Liberdade.

O céu estava azul naquele dia. O vento em meus cabelos fazia os mesmos baterem em meu rosto, tampando, às vezes, a minha visão. Meus olhos, da mesma cor que o céu, não estavam com o brilho que antes existia, eles estavam mais escuros, procurando por alguma coisa que eu não sei; meus lábios estavam secos, como se eu não bebesse algo fazia dias, apesar d’eu me hidratar bem; e minha expressão, um dia feliz, estava vazia, empty. Eu sinceramente não sabia quem era essa pessoa que eu via a minha frente. Ela não era eu, era outra.

Caminhava entre os corredores de forma complexa, sem dizer o que eu sentia. Os corredores estavam cinzas, com resquício de um incêndio de décadas atrás; as portas estavam sempre abertas, quando fechadas, significava que alguém fora libertado, não sei se pelo dinheiro ou pela deusa. Eu podia ouvir as vozes das histórias que passavam por aquelas paredes, e podia ver as pessoas repetirem essas histórias como as almas que passaram e ficaram ali.

Elas eram minhas companheiras, minhas amigas; sempre ao meu lado, dizendo o que eu sentia e o que eu não mais tinha em mim. Diziam-me que elas eram falsas, traiçoeiras, mas elas acabaram por ser minhas amigas. Inclusive, eram elas que estavam a me levar pela mão por um caminho novo. As moças de Branco, assim eu as chamava. Elas diziam que ia ficar bem, e que, quando eu voltasse, poderia me tornar uma delas. Eu sorri pela primeira vez naquele dia.

Eu subia os andares devagar junto a elas, ouvindo sussurros e gritos agoniados daqueles que ficavam atrás de mim, eu sabia que eles as viam também. Talvez fosse inveja deles por elas terem me escolhido. Comecei a olhar pelas janelas sujas daquele lugar e vi o céu azul brilhar do lado de fora, os pássaros voando e algumas nuvens – há quanto tempo eu não via o céu assim? Gravei aquela imagem em minha mente, quem sabe eu não a pintasse mais tarde? Sim, meus desenhos eram uma vergonha, mas eu me sentia orgulhosa dos sentimentos que eles tinham. Continuei a subir sendo segurada pelas mulheres. Que fim isso levaria, afinal?

Finalmente, cheguei aonde queria chegar.
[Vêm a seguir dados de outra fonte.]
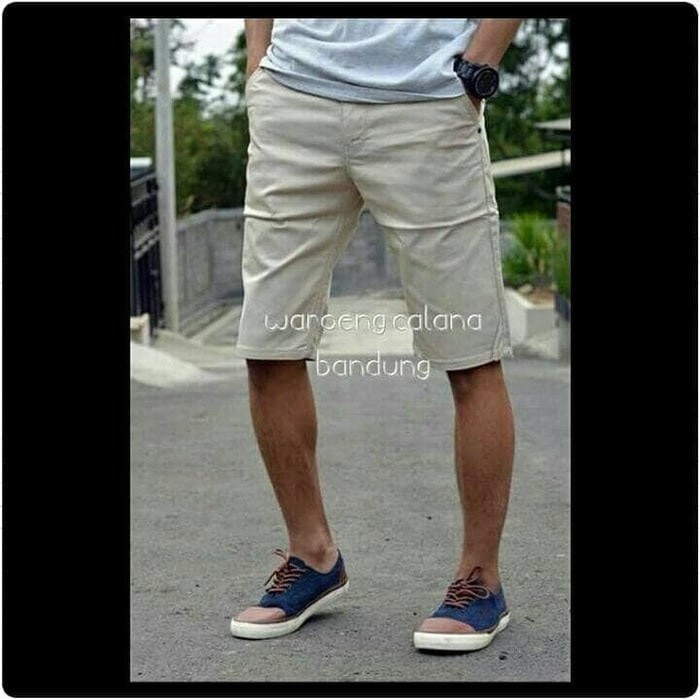 Celana Chino Pendek Item Hitam Premium Quality - Hitam Abu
De lá, vi mais claramente o céu azul da janela anterior; pude ouvir os pássaros, tão baixos como as nuvens, como se eu pudesse tocá-los; e o vento, novamente, batia no meu cabelo como se tentasse me impedir de ver a beleza perante meus olhos. As Mulheres soltaram meu braço e sorriram, dando-me novamente a liberdade que eu desejava. Corri por todos os lados rindo, parecia que eu poderia explodir com essa alegria que me era tão privada. Dancei e cantei como se eu não fosse mais voltar lá, até que me vi em um canto que eu podia ver o mundo – que belo canto era aquele! Olhei ao redor e vi-me contemplando o mundo ali que eu tinha. Foi então que eu ouvi algo que eu não ouvia há tempos: risadas.

As pessoas que eu observava lá de baixo riam como suas vidas fossem eternas, como se os problemas não existissem; e, mesmo aqueles que não riam, pareciam estar em volta daquela aura. Eu observei com cuidado, como se tentasse absorver a alegria deles, mas eu sabia que eu nunca a teria. Tentei me aproximar mais daquele mundo, queria vê-lo de perto, eu queria a liberdade deles, a alegria deles; por que eles tinham tudo e eu, nada? O que eu havia feito que eles não haviam? Eles era tudo aquilo que um dia eu fui.

Vi as Mulheres de Branco se aproximarem de mim, ainda sorrindo, e segurando minhas mãos, elas me apoiavam, elas me ajudavam; eram minhas amigas. Apertei as mãos das duas que estavam ao meu lado e, enfim, eu senti o vento bater em meu corpo, como se minha alma se elevasse de um modo que sempre sonhei. Pude ver as Mulheres sorrindo para mim, assim como eu sorria para elas. Eu estava livre. Eu estava voando. E, o mais importante: eu havia roubado a alegria deles para mim.